Landmark 1972 legislation opens the doors to opportunity for women in athletics — and beyond.
“No person in the United States shall, based on sex, be excluded from participation in, be denied the benefits of, or be subjected to discrimination under any education program or activity receiving Federal financial assistance.”
— Passed by the 92nd U.S. Congress, signed into law by President Richard Nixon, effective June 23, 1972
It almost didn’t happen.
As the War in Vietnam waged on, as women’s empowerment was making its mark, Title IX was being debated in Congress as a way to prohibit discrimination based on sex in federally funded education programs.
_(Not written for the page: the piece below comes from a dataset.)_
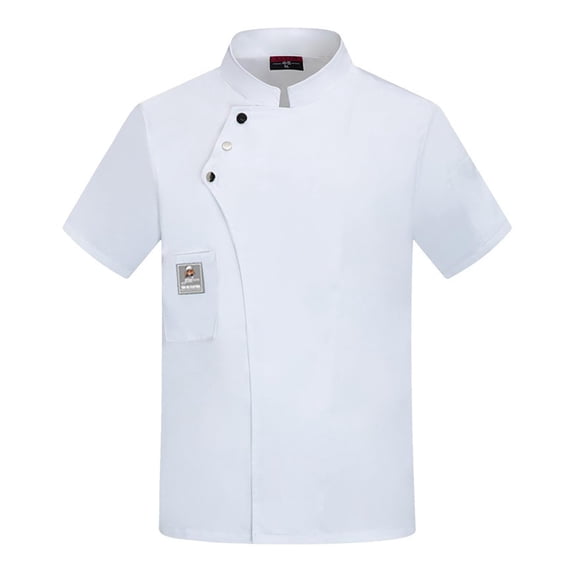 Men's Chef Jacket Short Sleeve - Regular Fit Cook Shirt with Stand Collar, Breathable Summer Kitchen Uniform, Professional Restaurant Workwear, Unisex Food Service Attire
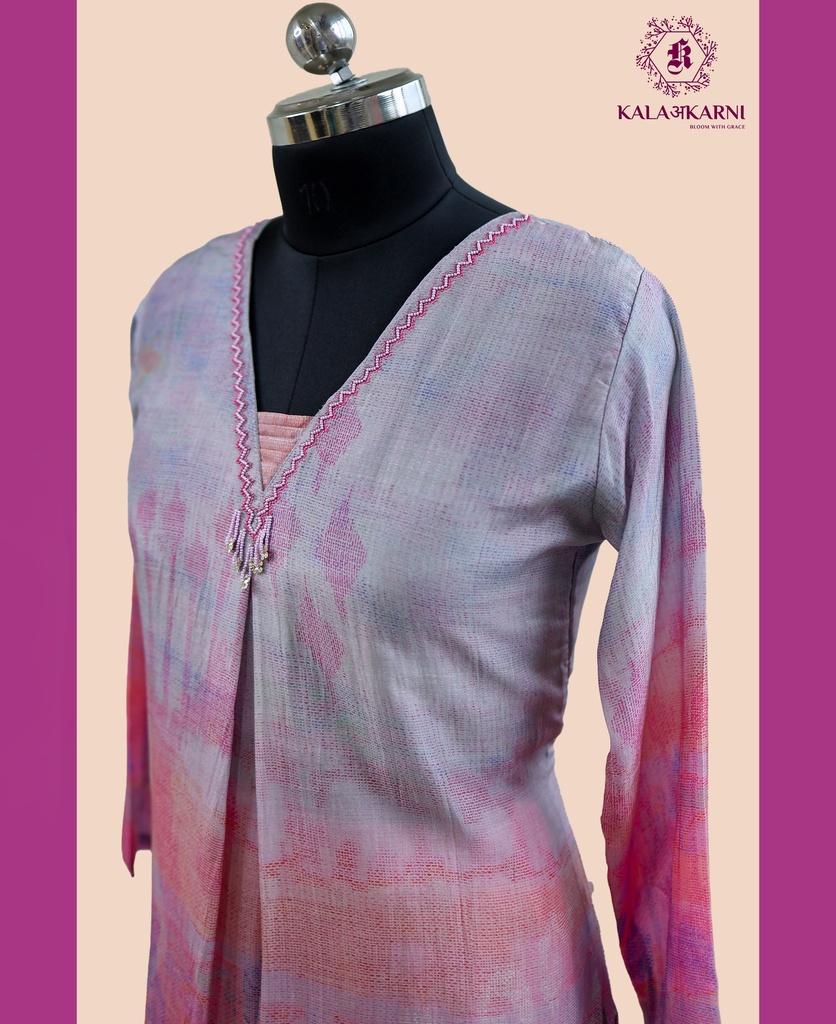 Muslin | Digital Print | Co-ord Set with Pants | Pink - Grey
Then, an amendment was proposed to exempt athletic departments.
That effort failed, and despite continuing unsuccessful attacks over the past five decades in Congress and the courts, scores of female student-athletes from elementary to graduate school have benefited from the protections of Title IX.
The high-profile attempts to limit Title IX’s impact on athletics, along with equally visible advances for female student-athletes, prompted widespread misunderstanding that the law pertained only to sex-equity in athletics. In fact, the original version of Title IX included no mention of sports at all. It was always about civil rights and education.
Universities that had previously set small quotas for women in male-dominated degree programs like engineering, law and science withdrew those restrictions. Recruitment, admissions and financial aid policies became more equitable. Pregnant and parenting students were treated more fairly. In the 1980s and 90s, U.S. Supreme Court decisions clarified that sexual harassment and assault were forms of discrimination, prompting important policy advances to ensure student safety. LGBTQ students also earned protection from discrimination under Title IX.
While it continues to have broad impact in education, Title IX deserves monumental credit for elevating opportunities for women to soar athletically — and academically. The UW awarded scholarships to 117 women in 2021-22; excluding Football, more women earn scholarships than men at Washington. A report by the National Coalition for Women and Girls in Education notes that about 30,000 women competed in college athletics before Title IX. An estimated 220,000 compete today (along with 280,000 men), according to the data company Statista.
The University of Washington and schools across the nation continue to vigilantly monitor compliance with Title IX. With this watchful eye, opportunities are sure to grow. As Husky Athletics kicks off a year-long celebration of the 50th anniversary of Title IX, we’ll be sharing much more info in the months to come.